Così, dopo aver ritirato e rispedito i pacchi, abbiamo deciso di cercare un modo per arrivare in Oregon e ripartire a camminare da là. Non è stato facile, ma alla fine una fortunata coincidenza ci ha fatta incontrare una ragazza che si era resa disponibile a dare passaggi in zona. Un’incomprensione ci ha fatto credere che ci avrebbe potuti portare fino ad Ashland, ma poi scopriamo che c’è una città omonima che non è affatto in Oregon. Nonostante ciò, Ann ci ha comunque accompagnati fino al lodge in cui avevamo deciso di passare la notte.

C’è un grande “però” oggi, perché abbiamo saltato il confine con l’Oregon lungo il trail. Mi sarebbe proprio piaciuto attraversare il confine tra i due stati a piedi, mentre l’ho fatto in macchina. Devo tornare al più presto sul trail perché sto perdendo un po’ di connessione con ciò per cui sono venuto fin qui e che mi ha spinto finora. Forse è un po’ di stanchezza, forse un po’ di preoccupazione per i possibili problemi che i prossimi incendi potrebbero procurare.

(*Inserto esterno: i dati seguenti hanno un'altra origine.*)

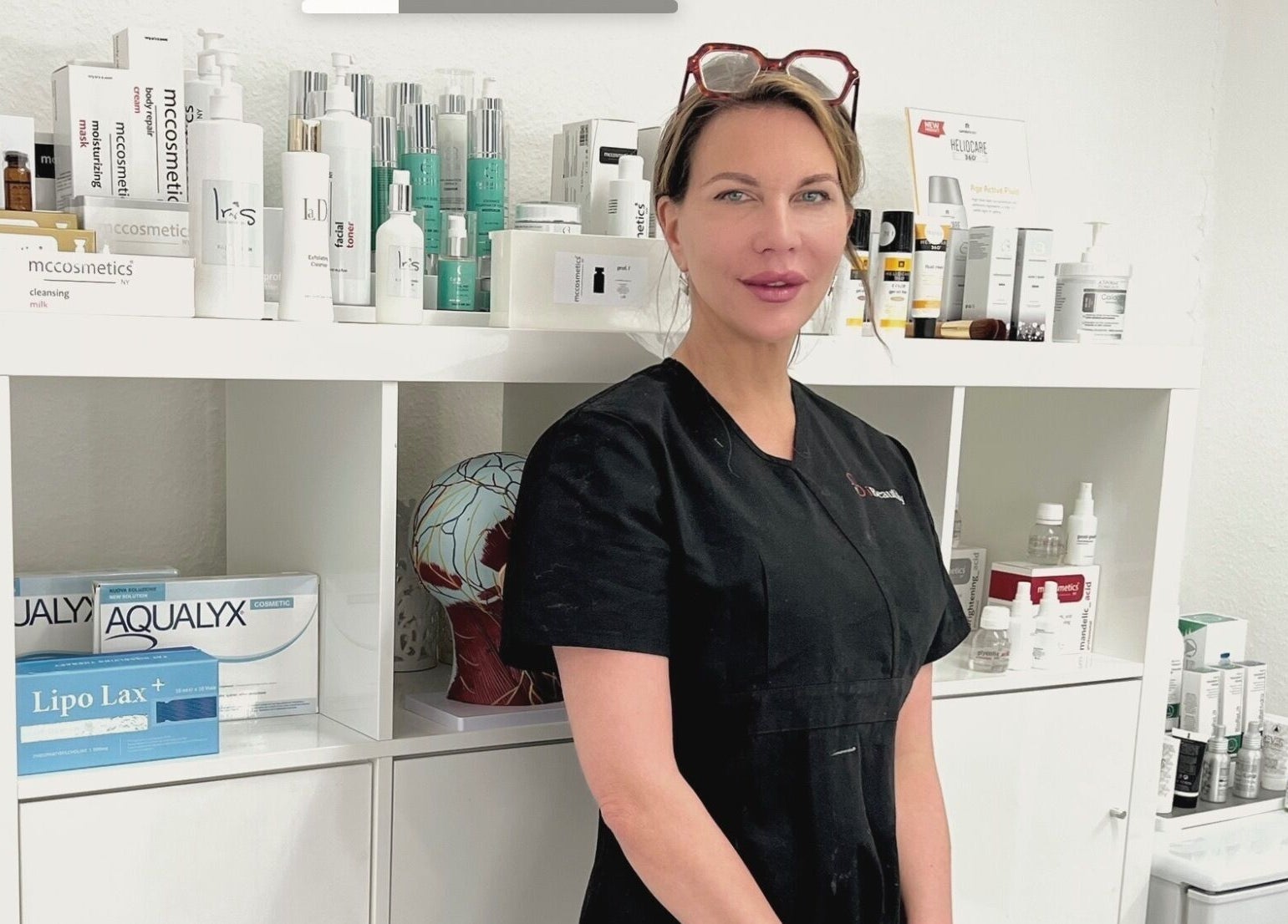 Professional beauty expert at I Beautify, Royal Tunbridge Wells, GB, with skincare products.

Anche se non sono ancora davvero tornato sul trail, ne ho riprese le abitudini dopo i due giorni di detour sulla costa. E mi sono accorto di una cosa: quando parlavo con Ryan, certe volte riemergeva uno strano bisogno o impulso di mostrarmi sempre sul pezzo. Che si parlasse di libri, di algoritmi, di machine learning, o di qualsiasi altra cosa io dovevo essere competente. Mi è sembrata riemergere la sindrome più celebre di tutte, quella di sentirsi un impostore, qualcuno che in realtà dissimula, e deve perciò fare una doppia fatica per convincere gli altri che non è così. Quando però penso al trail, alle mille e passa miglia camminate, a tutte le difficoltà che ho superate, le fatiche che mi hanno piegato e quelle che mi hanno insegnato così tanto di ciò che ancora non sapevo, tutto ciò è dannatamente reale, è concreto, l’ho fatto io e l’ho fatto per davvero. Non mi sentirei mai di essere un impostore parlando del PCT, come potrei? E allora perché in quegli aspetti della mia vita che hanno comportato altrettante fatiche e difficoltà, seppur in altra forma, sento di non essermele meritate? Perché quando ripenso al lavoro mi dico “dove sono adesso è l’unico posto in cui potrei stare”? Perché non credo sia possibile superare me stesso, andare oltre ciò che conosco e sono adesso proprio come ho fatto in questi mesi sul trail?

Sono domande molto aperte perché non ho neppure un indizio di risposta, ma sono sicuro che ci ritornerò. E domani, tornando per davvero sul trail, metterò giù anche il piano più concreto che posso definire ora per il mese e mezzo che mi rimane.